Old dogs roam and sheets of rusted metal act as fences.
Most people would see little beauty in the streets of Monte Plata.
At first glance, Monte Plata seems to be nothing more than a jarring vision of the poverty and desperation that exists in this world.
This town is often avoided, forgotten, and abhorred.
But there is beauty in Monte Plata.
I have seen it.
I have heard it.
I have met it.
I have seen it in the smiling eyes of 189 children.
I have heard it in their giggles as they chase me around the park.
I have met it each morning as I walk into the school amongst a chorus of “Hannah!! Hannah!”
There is beauty in Monte Plata.
There is a future for Monte Plata.
And it lies in the potential of these children.
When I really take the time to look at the many sweet children I have met in the Dominican Republic, I feel like my heart is being broken into a thousand little pieces and each piece is being left with one of these children.
My heart breaks as I know that once I leave, their life will continue on.

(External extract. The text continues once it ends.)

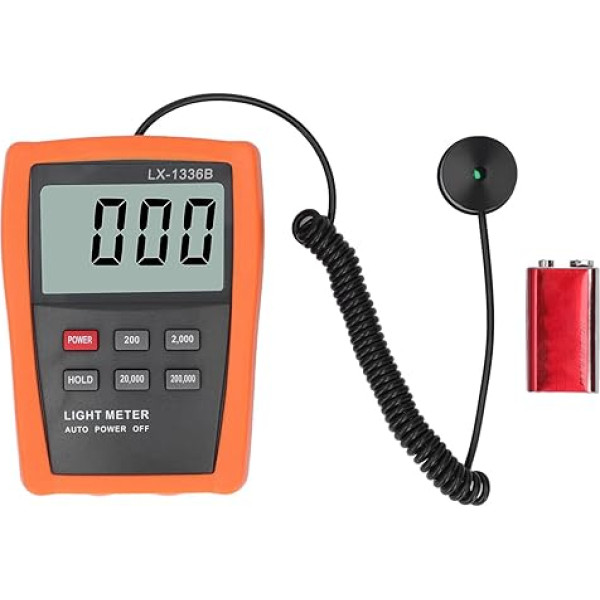 Lichtphotometer, ABS-Metall-Handbereichslicht-LCD-Auto-Off-Beleuchtungslichtmesser für den Bau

I will go back to my queen sized bed, my loving family, my full pantry, and my American Eagle jeans. I will return to a fast paced city with even faster paced people who are often more concerned with the way we look than the condition of our souls.
Do we ever stop to think about the child starving just a plane ride away?
Two weeks from right now, I will be home.
Two weeks from now, I will be in my warm home surrounded by my sweet family and probably eating all of the food I’ve “missed so much.”
But my sweet friends here will continue on with their lives….just as I see them now.
Tonight, I write this from my little room in Monte Plata.
My little room is at the back of a small house on a dusty street in Monte Plata.
I can hear loud Bachata music all night long, roosters wake me up far too early, and I sometimes wake up to find a cockroach on my floor. (I attempted to throw a gym shoe at one, but the cockroach escaped unscathed.)
The heat in the little house is stifling and I begin sweating only moments after I get out of my cold shower.
My room has cobwebs and spiders in nearly every corner and I even taped sheets up over the windows so I don’t have to look at the bugs crawling around on the screen just inches from my pillow.
But I have grown to love my little room in Monte Plata.
Because there are 189 children who attend the school right outside my door, and they are in desperate need of love.
I was the person God sent to love them this week.
Nothing is going to stop me from loving them with everything I have.
These children may never know the loving touch of a father when they get home from school, or the kind words of a friend when their grandpa dies, or the gentle kiss of mother when they pinch their finger.
They may never experience a tangible picture of the immense love God has for each of their precious lives.
But I grew up with all of that and more.
So the least I can do is brave the bugs and the heat and the music and the roosters so I can love on these precious children.
God doesn’t call us to fix the problems of the world in a day.
But He does tell us to care for the least of these.
My heart will forever be broken because of my time in the Dominican Republic.
And I wouldn’t have it any other way.